As a layman, it is a personal aspiration to be able to understand this precise paper. It's very appealing to be able to express and reason about the related problems of complexity and edit distances using a generative(?) notation like lambda calculus that you can hack on in accessible languages like Haskell.

I also like that the citations include Emperor's New Mind; Godel, Escher, Bach; the Brainfuck homepage, and Haskell. The effects of these ideas on a couple generations of young minds is bearing fruit.

It feels like we're on the brink of gamifying a lot of important math.

Is there a video lecture version of this paper that someone can recommend?

This is a great paper. But I burn so much mental energy trying to focus when I read something vs. when I listen to a video lecture. So I end up retaining more watching stuff and every more taking some notes.

Not sure about this specific paper, but I've been following John Tromp's work on this for a while. Its current homepage seems to be on GitHub https://tromp.github.io/cl/cl.html

The paper assumes knowledge of combinatory logic and lambda calculus, which you could probably find videos about. This paper uses pretty standard notation, so almost any video/course/book/blog/etc. should be OK. The main thing this paper does is to define a way to encode such programs as a string of bits.

Note that combinatory logic is one of the simplest Turing-complete programming languages, but it's so simple that it's basically unusable for anything more elaborate than toy examples (the paper actually has a quote from Chaitin saying this!). Once you're comfortable playing with little examples containing a handful of symbols, that's basically all you really need.

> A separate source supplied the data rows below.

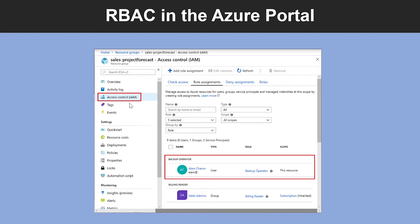So what is Role-Based Access Control? Role-Based Access Control is an authorization system built on Azure Resource Manager that provides fine-grained access management of resources in Azure. With Role-Based Access, you can grant the exact access that users need to do their jobs. Role-Based Access Control allows one user to manage virtual machines in a subscription and another user to manage virtual networks.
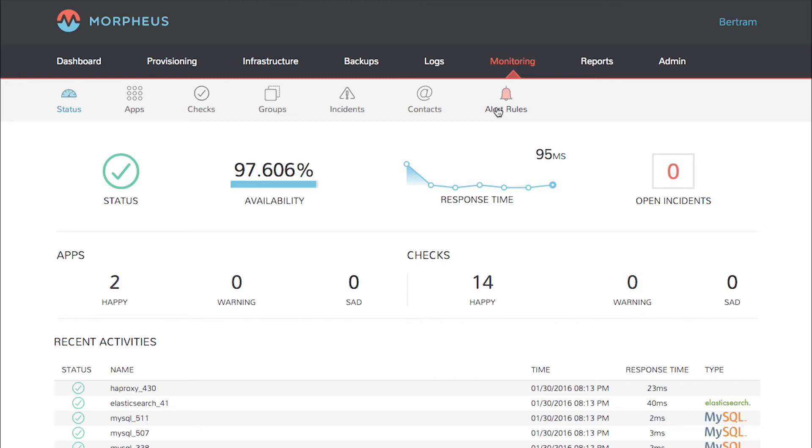It also shows the status of checks and results from recent check activity, like this one at HAProxy, the time it was checked, and the response time.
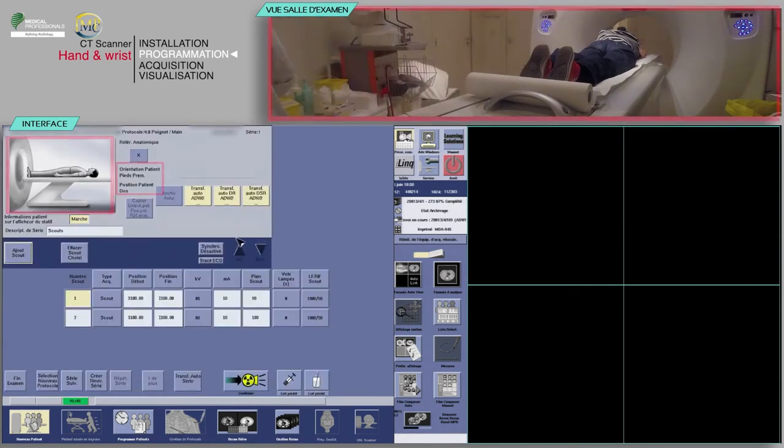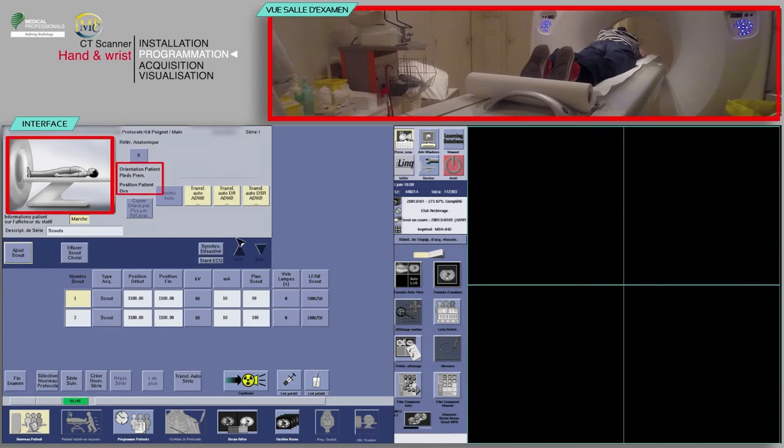Important note: for this exam the patient position on the monitor does not match the patient position on the table, allowing the radiologist to interpret the reconstructed images in the reference position. The patient may be head first on your table; however, the wrist will proceed through the scanner feet first.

If you're familiar with other programming languages, it's usually pretty easy to implement combinatory logic and play with it. For example, here are 'S' and 'K' in Javascript:

function k(x, y) { return y; }
function s(x, y, z) { return x(z)(y(z)); }

This isn't quite right, due to most languages using strict evaluation, but the following Haskell is essentially correct:

k x y = y
s x y z = x z (y z)

There's also the esoteric language "unlambda" which implements these directly, including the "monadic IO" that the paper mentions https://en.wikipedia.org/wiki/Unlambda

Lambda calculus is more tricky than combinatory logic, since it contains variables. It's also more widely used (e.g. as the basis for many functional programming languages, like Haskell and Scheme), so there should be more material available. In essence, when you see something like:

λa b c.x y z

You can think of it as acting like this Javascript:

function(a, b, c) {
return x(y)(z);
}

When it comes to Kolmogorov complexity, maybe the Wikipedia page and its citations will help ( https://en.wikipedia.org/wiki/Kolmogorov_complexity )? Notice that all of the definitions, etc. on that page assume that we're talking about some particular programming language or machine, but the examples use pseudocode rather than a "real" programming language. This paper is basically saying that we should use lambda calculus as that language, and we can measure the size/length of a program by encoding it as binary according to the method given.

HN feels psychic sometimes!... this paper happens to tie together a lot of the foundations I was lacking (out of ignorance) that I need for a personal research project. So happy to have found it :)

http://tromp.github.io/cl/cl.html

which links to an explanation of the graphical notation, to my corresponding IOCCC entry from 2012, and to a Wikipedia page on Binary Lambda Calculus that has since been deleted.